Michele Ferrante, SportWeek 22/6/2013, 22 giugno 2013
LA FINE
Erbacce ovunque, le strutture fatiscenti hanno imboccato la deriva finale, dalle scuderie alla pista e fino alle tribune ormai deserte dal dicembre 2012, quando l’impianto è stato chiuso per fallimento della società che lo gestiva, oberata dai debiti. I pochi cavalli rimasti e gli uomini che se ne prendono cura senza sapere come faranno a pagare i conti della paglia a fine mese si aggirano come spettri dai giorni ormai contati. Hanno staccato pure acqua e luce, se ne dovranno andare per lasciar spazio alle ruspe destinate a preparare l’area su cui sorgerà il nuovo stadio della Roma. Ormai è scritto.
Sulla pista dell’ippodromo romano di Tordivalle, nel 1998, un cavallo vinse il Derby, la corsa delle corse. E piazzò il primo vero grande tassello dell’immensa favola chiamata Varenne, il più grande trottatore della storia mondiale. Quasi 15 mila in tribuna, l’atmosfera unica dell’evento sportivo e mondano che solo Roma riesce a creare, forse anche per quella inimitabile luce del suo tardo pomeriggio. Di quegli antichi fasti restano macerie, la fotografia di una resa incondizionata che quasi 300 chilometri più a nord viene rifiutata a tutti i costi.
L’ippodromo delle Cascine di Firenze è immerso nel verde dell’omonimo parco. L’Arno è quasi lì e al fiume che spesso ispirò Dante, nel lontano 1827, alcuni nobili inglesi residenti a Firenze intitolarono la prima corsa di cavalli in Italia. Ogni anno, all’ippodromo, il rito della Corsa dell’Arno si rinnova con le tribune piene di gente, perché in città l’ippica ha deciso di non arrendersi, sorretta dalla passione e, ovviamente, dall’interesse economico in prospettiva futura, ammesso che una prospettiva esista.

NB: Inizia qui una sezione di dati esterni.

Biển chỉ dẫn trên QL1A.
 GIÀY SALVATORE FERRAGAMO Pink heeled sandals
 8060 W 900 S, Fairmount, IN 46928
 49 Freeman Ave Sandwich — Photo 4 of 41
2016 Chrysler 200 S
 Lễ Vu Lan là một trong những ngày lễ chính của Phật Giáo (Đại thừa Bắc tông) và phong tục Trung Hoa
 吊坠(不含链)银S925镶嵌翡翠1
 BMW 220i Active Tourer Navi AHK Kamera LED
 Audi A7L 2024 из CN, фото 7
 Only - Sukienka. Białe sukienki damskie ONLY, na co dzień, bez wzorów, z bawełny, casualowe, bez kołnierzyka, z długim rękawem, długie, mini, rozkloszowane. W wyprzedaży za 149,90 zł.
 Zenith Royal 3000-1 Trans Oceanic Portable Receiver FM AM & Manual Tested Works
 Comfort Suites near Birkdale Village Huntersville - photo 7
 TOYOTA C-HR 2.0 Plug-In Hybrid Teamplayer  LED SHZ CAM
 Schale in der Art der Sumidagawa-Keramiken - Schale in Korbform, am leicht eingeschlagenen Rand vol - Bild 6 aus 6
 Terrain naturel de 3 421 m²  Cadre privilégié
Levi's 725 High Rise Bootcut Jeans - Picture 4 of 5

Viene da lontano la crisi ormai quasi irreversibile dello sport dei re: dalla metà degli Anni 90, quando le scommesse sportive entrate su un tappeto rosso (anziché pagando una tassa di ingresso) nella già esistente rete ippica, iniziarono a erodere fette di mercato e a limitare, fino a bloccarlo, il ricambio generazionale tra i seguaci delle scommesse abbinate ai quadrupedi, fra i quali gli under 40 sono ormai diventati mosche bianche. Successivamente, ecco il fiume di misfatti della politica avventatasi sui miliardi (di euro) in gioco, con la complicità delle cosiddette categorie ippiche comunque appagate da risorse sufficienti per tenere in piedi un mastodonte da oltre 40 ippodromi pieni di cavalli ma senza un progetto di rinnovamento necessario come l’ossigeno.
Il colpo di grazia? Fine 2011, taglio del 40% di tutte le risorse (montepremi, corrispettivi a ippodromi, provvigioni allevatorie) per il crollo delle scommesse e il mancato contributo una tantum di oltre 150 milioni che aveva tenuto insieme la baracca, miseramente crollata assieme alla struttura amministrativa (Unire-Assi), azzerata per far posto a un’entità che ancora non esiste, con conseguente paralisi pressoché totale del sistema, pagamenti dei premi compresi.
Scioperi, manifestazioni, disperazione, eutanasia operativa. Ormai le vittime non si contano, al momento sono sei gli ippodromi che fanno parte della lista nera, ma è come se fossero 60. Assieme a Roma sono fermi Milano trotto e Napoli (trotto e galoppo), i tre principali impianti nazionali, affiancati da Livorno, Ravenna e Padova. Sono chiusi per fallimento (Roma e Napoli) o per impossibilità più o meno reale di andare avanti (tutti gli altri), ma destinati forse almeno in parte a rinascere. Gli spettri romani ritroveranno vita all’interno dell’ippodromo del galoppo di Capannelle, dove sorgerà una pista di trotto esattamente com’è accaduto a Firenze. La gestione di Napoli (almeno temporanea) dovrebbe venire assegnata nei prossimi mesi e, alla fine, l’unico dei grandi impianti davvero condannato sembra il trotto di San Siro, che non ha più presente e quasi certamente neanche un futuro, con i terreni su cui sorge destinati ad altro utilizzo. Qualcuno ogni tanto parla di un nuovo San Siro a sud della città, ma fino a quando la politica che ha rovinato tutto non approverà una riforma (semi privatizzazione) con un minimo di certezze su numeri e risorse, le bocce resteranno ferme e l’esercito degli spettri vaganti continuerà a crescere.